Amy M Haddad

How to Learn Effectively

By: Amy M Haddad

image When you set out to learn a new topic, you want answers to these questions:

  • What topics should I learn first?
  • What learning tactics should I use, and how do I apply them?
  • How do I retain everything I’ve learned?

Enter Principles of Learning. It’s a free learning guide that my husband, Paul, and I created in an attempt to answer these questions. You can access it at

Principles of Learning offers concrete, hands-on tactics that’ll help you learn efficiently and effectively. At long last, there’s a hands-on practical system for learning—from the learner’s perspective.

Efficient and Effective

Paul and I never learned how to learn in school.

Left to our own devices, we picked up on ineffective approaches. We also got hung up learning the wrong things in the wrong ways. The poor habits we picked up in school carried over into our professional lives, as we set out to better our skills and build new ones.

As a result, we felt:

  • Disorganized, wondering what to learn first?; what to learn next?; what matters most?
  • Tired of applying learning tactics that didn’t work.
  • Frustrated that we’d pour tons of time and effort trying to learn a topic, only to forget it a day or week later.

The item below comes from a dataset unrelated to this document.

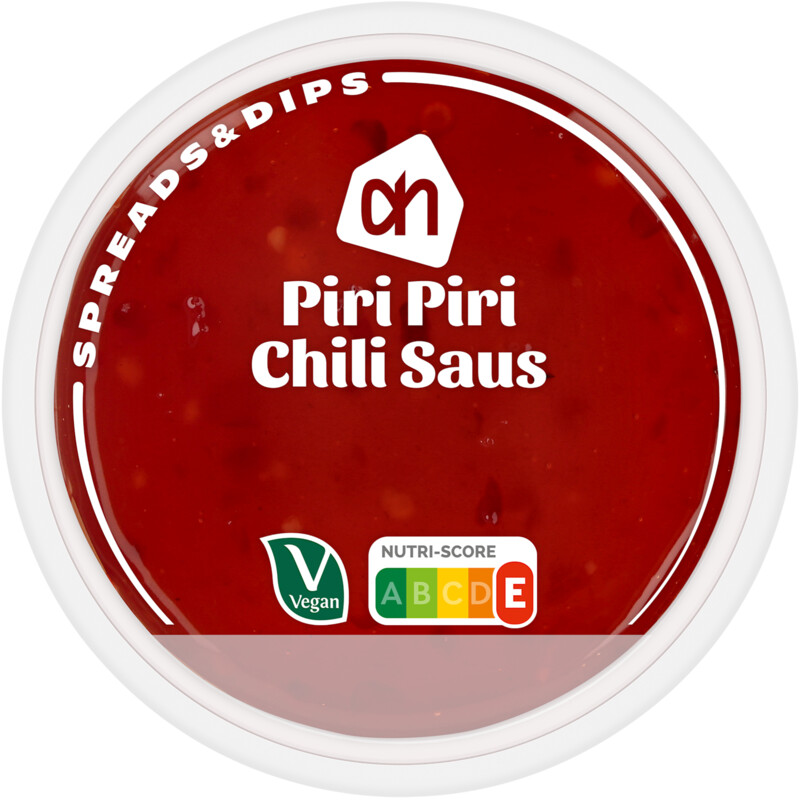 AH Piri piri chili saus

Our learning processes could be summarized as time-consuming and frustrating.

We live in a fast-paced, ever-changing world where learning new things efficiently and effectively isn’t a nice to have. It’s a must have in order to:

  • Land that promotion.
  • Make a career change.
  • Get into the college of your choice.
  • Stay competitive among peers.

Learning efficiently and effectively is useful for personal reasons, too. Say you want to learn Japanese, climb Mt. Everest, or train for your first marathon. Likely you want to learn how to do these things as efficiently and effectively as possible.

This was the motivation behind our framework. We knew that there had to be a better, more effective way.

There is. And, as Paul and I can both attest, it’s never too late to make the change.

Born Out of a Need

Principles of Learning was born out of a need: our own. We needed a learning system—with concrete, practical tactics—that we could apply to all of the personal and professional topics we learn about.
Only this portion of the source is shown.